Elena Cecchettin, sorella di Giulia, che abbiamo visto stretta in un fortissimo abbraccio col padre, nel giorno della fiaccolata per ricordare Giulia, oggi, subito dopo la pubblicazione delle motivazioni della sentenza con cui la Corte d’assise di Venezia ha condannato all’ergastolo Filippo Turetta, seppur riconoscendogli solo la premeditazione, ha rotto il silenzio, affidando ai social il suo sfogo che, peraltro, invita ad una profonda e doverosa riflessione.
L’aggravante della crudeltà, nonostante le 75 coltellate che Turetta ha inferto alla sua ex fidanzata, secondo i giudici non c’è. Proprio questo è il punto più controverso, quello che sta suscitando un’ondata pazzesca di indignazione in tutti coloro che stanno seguendo il caso Cecchettin. Elena, in una toccante storia, postata su Instagram, ha commentato le motivazioni della condanna, scrivendo che una sentenza così, è pericolosa e segna una precedente, in questo momento storico, precisando: “Se non iniziamo a prendere sul serio la questione, tutto ciò che è stato detto su Giulia, che doveva essere l’ultima, sono solo parole al vento”.
Elena, come un fiume in piena, ha chiosato con queste parole che riprendiamo da fanpage.it nella loro interezza: “Si, fa la differenza riconoscere le attenuanti, perché vuol dire che la violenza di genere non è presente solo dove è presente il coltello o il pugno. Ma molto prima e significa che abbiamo tempo per prevenire gli esiti peggiori. Sapete cosa ha tolto la vita mia sorella? Non solo una mano violenta, ma la giustificazione del menefreghismo per gli stadi di violenza che anticipano il femminicidio”. Il pensiero di Elena è il seguente: come è stato possibile che i giudici abbiano condannato Turetta all’ergastolo, dicendo no all’isolamento diurno, per il fatto che le 75 coltellate inferte a Giulia sono, per loro, conseguenza dell’ inesperienza e dell’inabilità dell’imputato e non un modo per continuare ad accanirsi sul corpo della pover studentessa?
Questo è il passaggio che, più di tutti, ha indignato Elena Cecchettin.
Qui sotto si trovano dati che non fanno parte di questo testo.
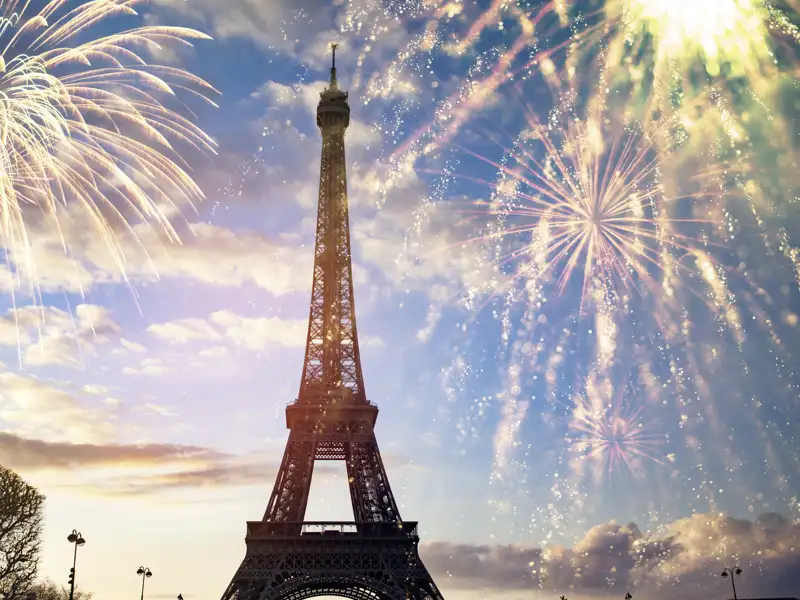 Bewundern Sie den Eiffelturm bei Nacht mit Feuerwerk auf Ihrer Studiosus Eventreise.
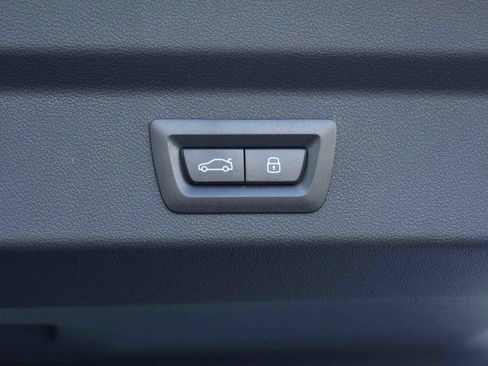 Certified 2025 BMW X2 xDrive28i w/ Premium Package image 37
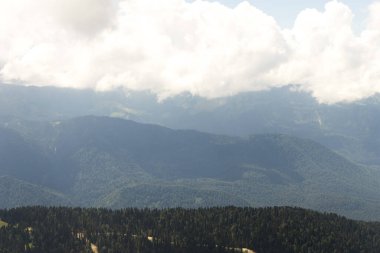 Alp Dağları çayır sakin yaz manzarası. Dağ Vadisi Köyü manzarası. Dağ köyü manzaralı. Dağlardaki köy. Dağ vadisi köyü manzarası.
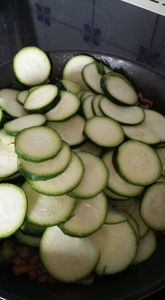 lasagnes cabillaud,lardons, courgettes ,sur un lit de poireaux,aux 3 fromages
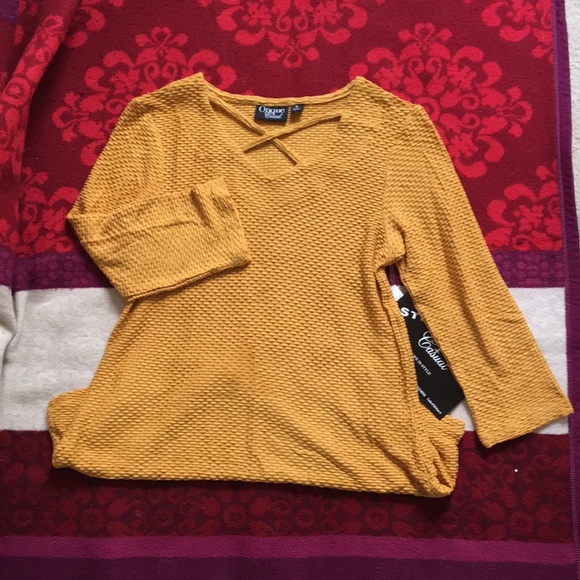 Onque Casuals Tops - 💛🌼🌻Golden yellow dressy top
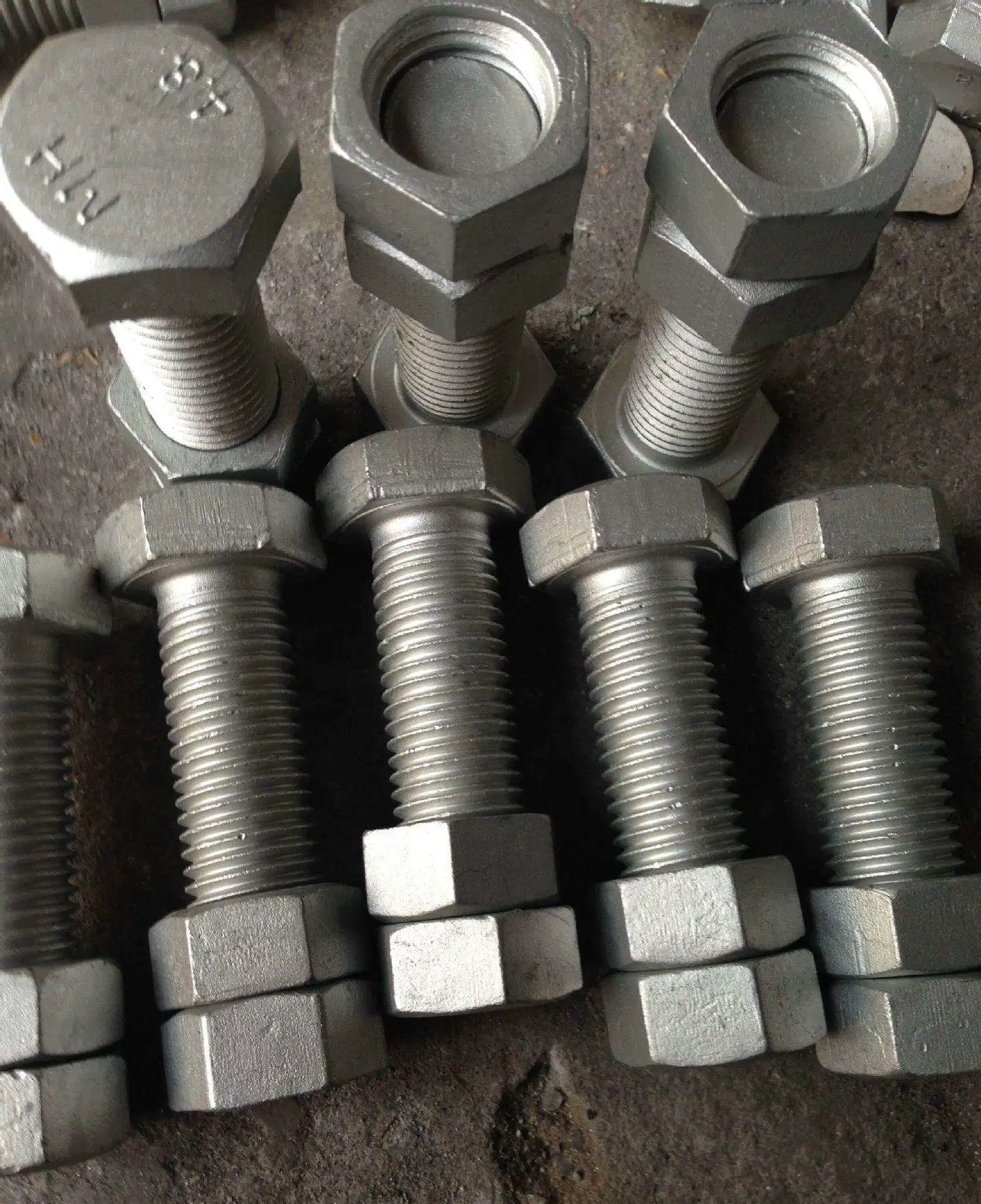 High-Quality DIN M16X30-1000 Hexagon Bolts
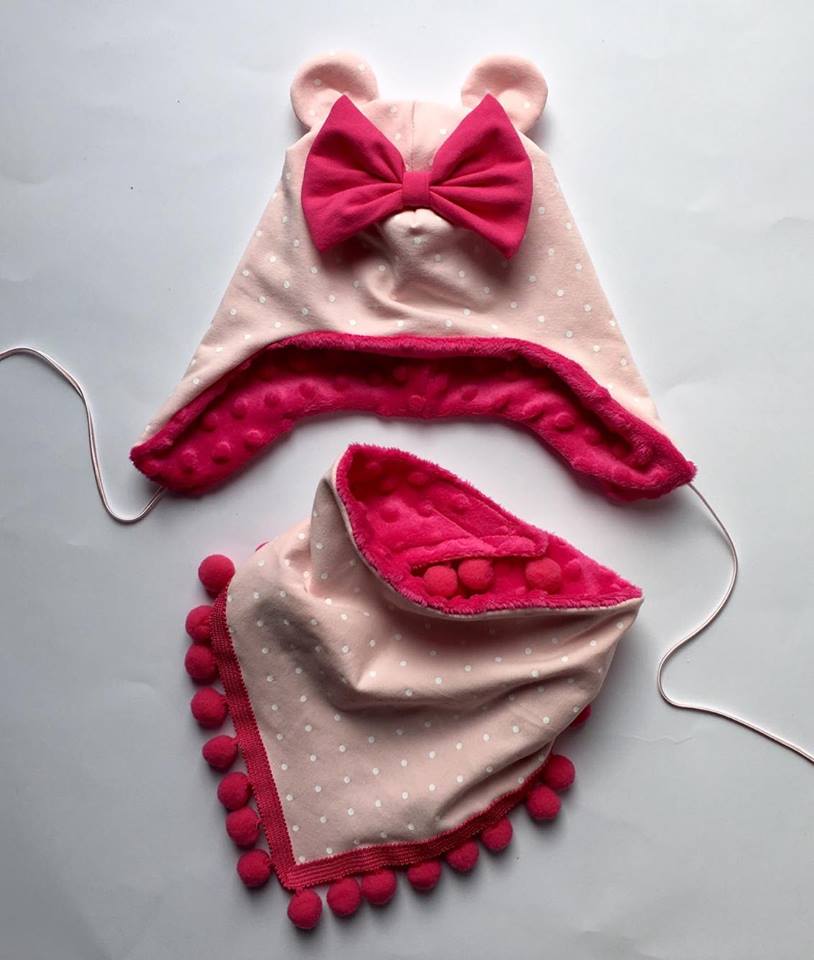 White and spots set with smal ears and fringe - cap and neckerchief (1) (1) (1)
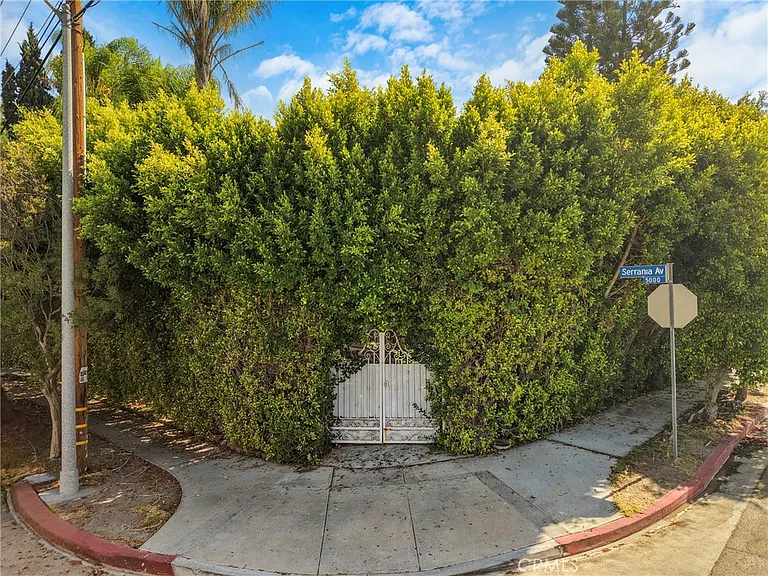 20871 Betron St — Photo 40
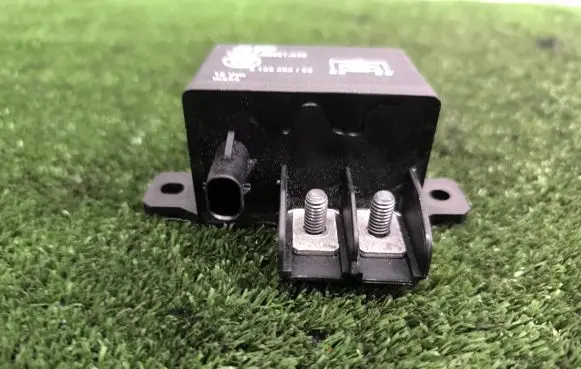 BMW 5 F10 F11 Coolant fan relay A2001X30 9198302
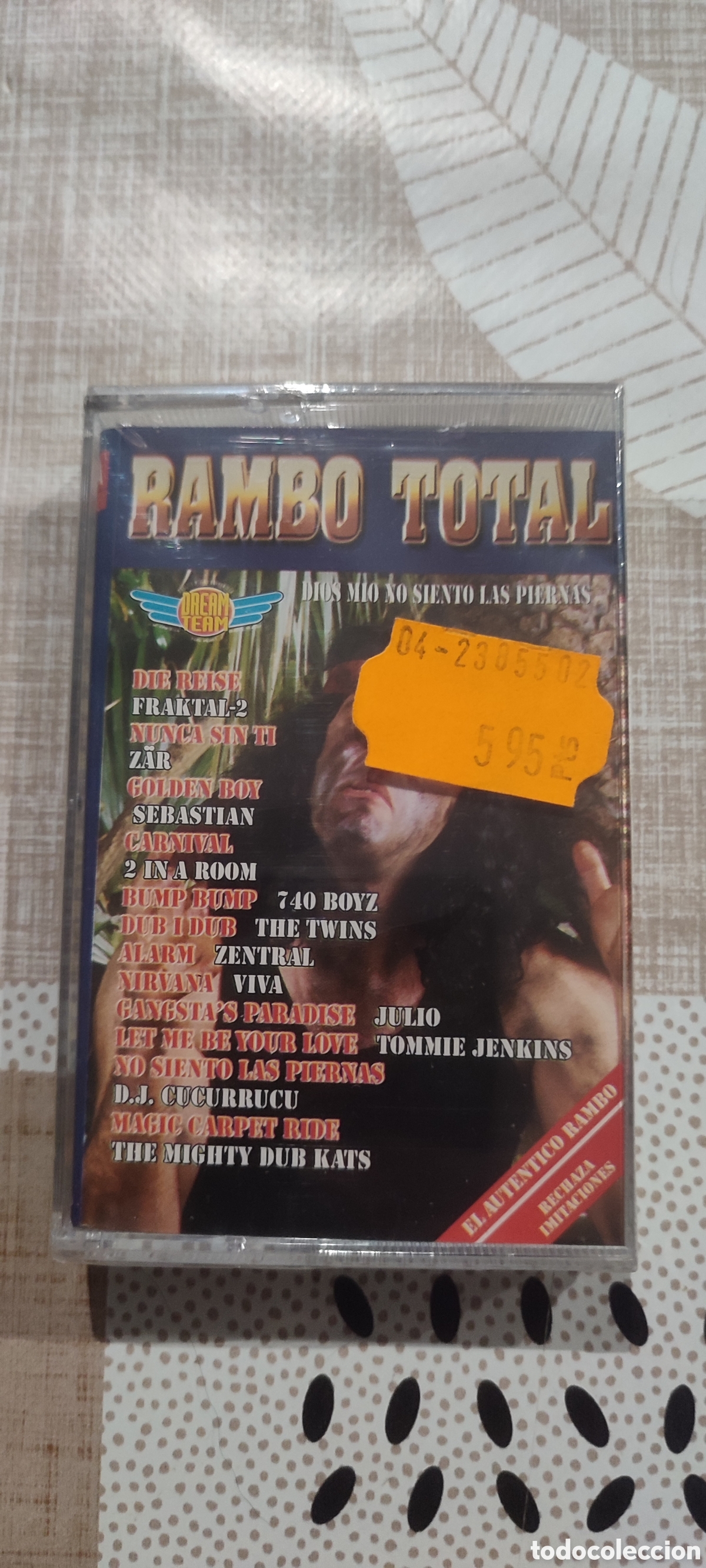 Casetes antiguos: Cinta casete Rambo total, dios m&iacute;o no siento las piernas, Precintado de tienda cerrada hace a&ntilde;os.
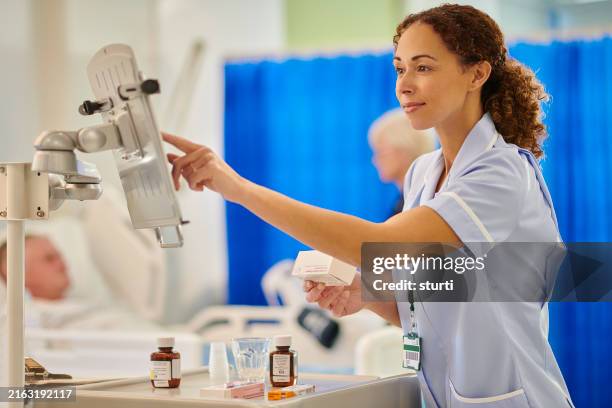 nurse team prescribing ward medicines - medizinische fakultät stock-fotos und bilder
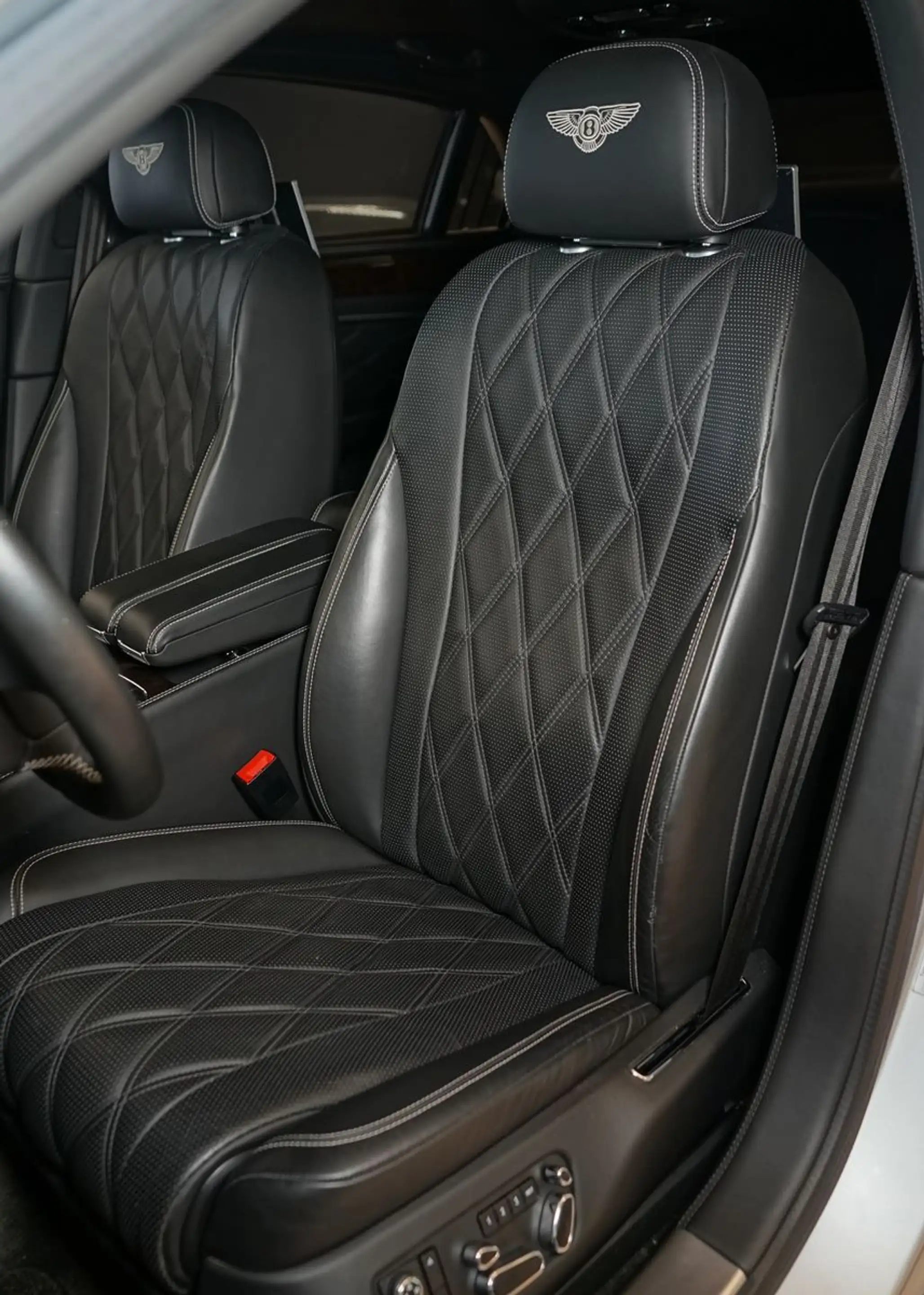Bentley Flying Spur Mulliner v8 ACC Massage FondEntertai — photo 20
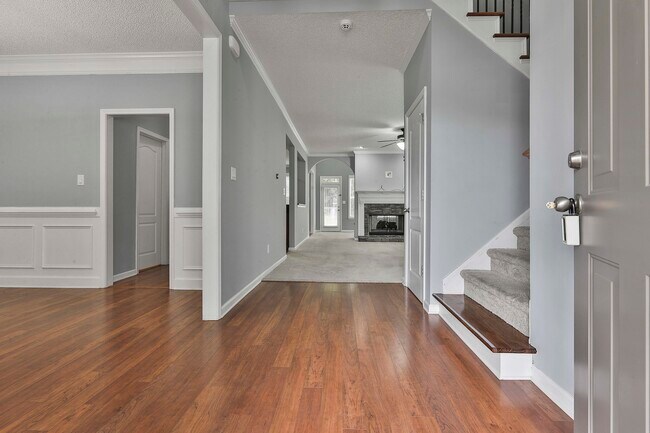 Building Photo - 125 Summit Point Dr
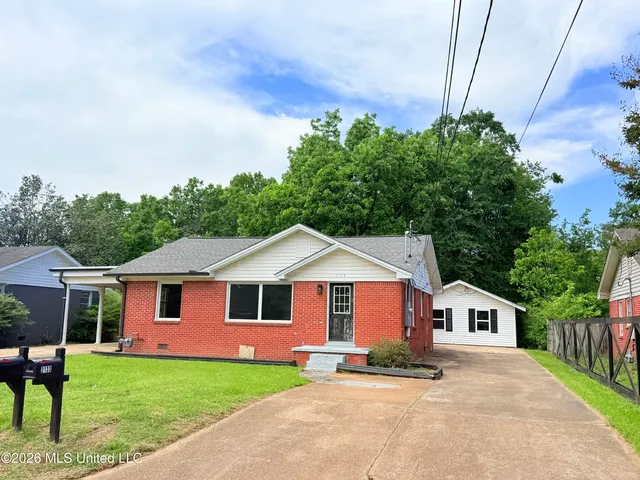 2135 Long St, Grenada, MS 38901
Ricordiamo che i giudici hanno accolto solo il primo capo d’accusa, ossia delitto aggravato dalla premeditazione, escludendo la crudeltà e lo stalking . L’esclusione della crudeltà, nella lettura della sentenza, da parte del presidente Stefano Manduzio, è il passaggio più controverso.
Per la corte, la dinamica del femminicidio di Giulia non permette di desumere con certezza che Turetta voleva infliggere alla ragazza sofferenze gratuite e aggiuntive, così come anche il terzo capo d’accusa viene respinto, in quanto i fatti si sono consumati non troppo distanti dalla fine della relazione intrattenuta con la studentessa.